** Work required **
Exact reproduction of the listing is required. Pictures are not reproduced.

** Dataset content **

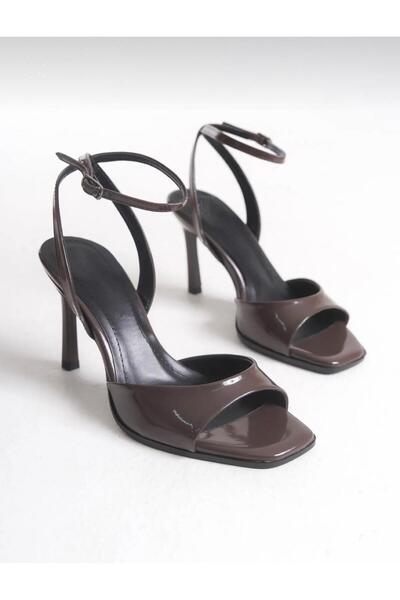 Yılmaz Exclusive - Women's Heeled Brown Patent Leather Ankle Strap Shoes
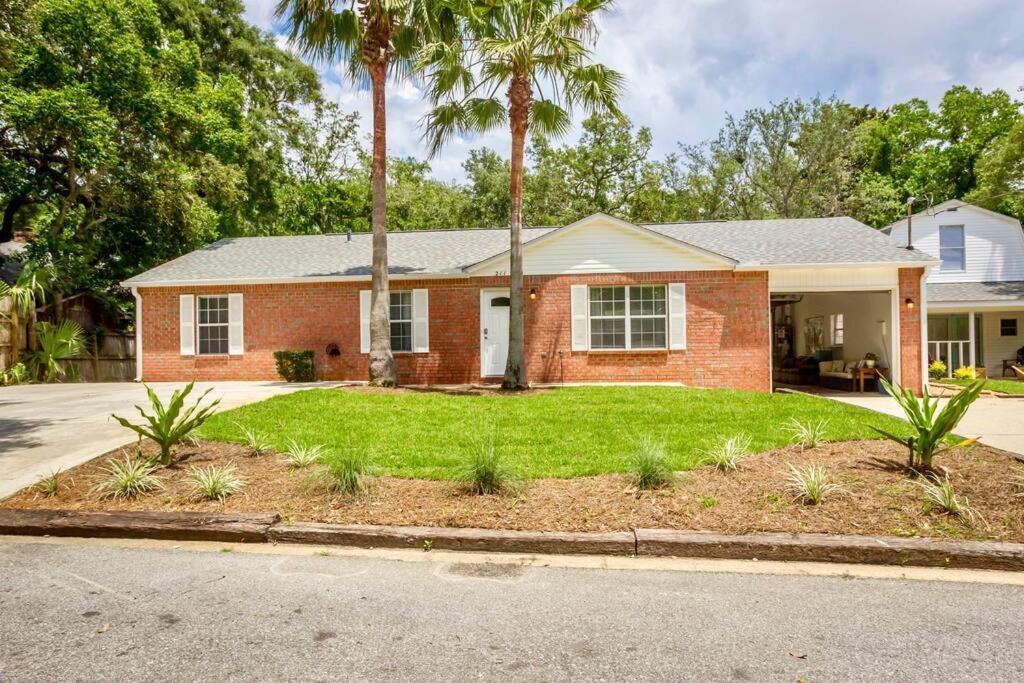 Life'S A Breeze - Updated 3Br 5Min To Pcola Beach Gulf Breeze Extérieur photo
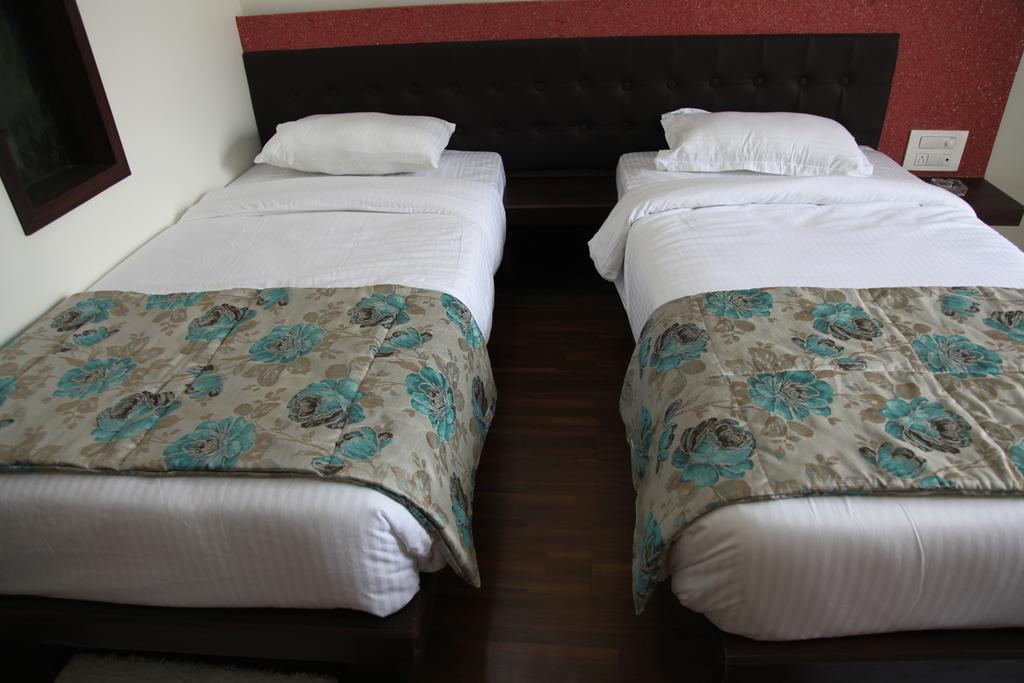 Hotel Pearls Aurangabad  Eksteriør billede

** Your solution **
 Yılmaz Exclusive - Women's Heeled Brown Patent Leather Ankle Strap Shoes
 Life'S A Breeze - Updated 3Br 5Min To Pcola Beach Gulf Breeze Extérieur photo
 Hotel Pearls Aurangabad  Eksteriør billede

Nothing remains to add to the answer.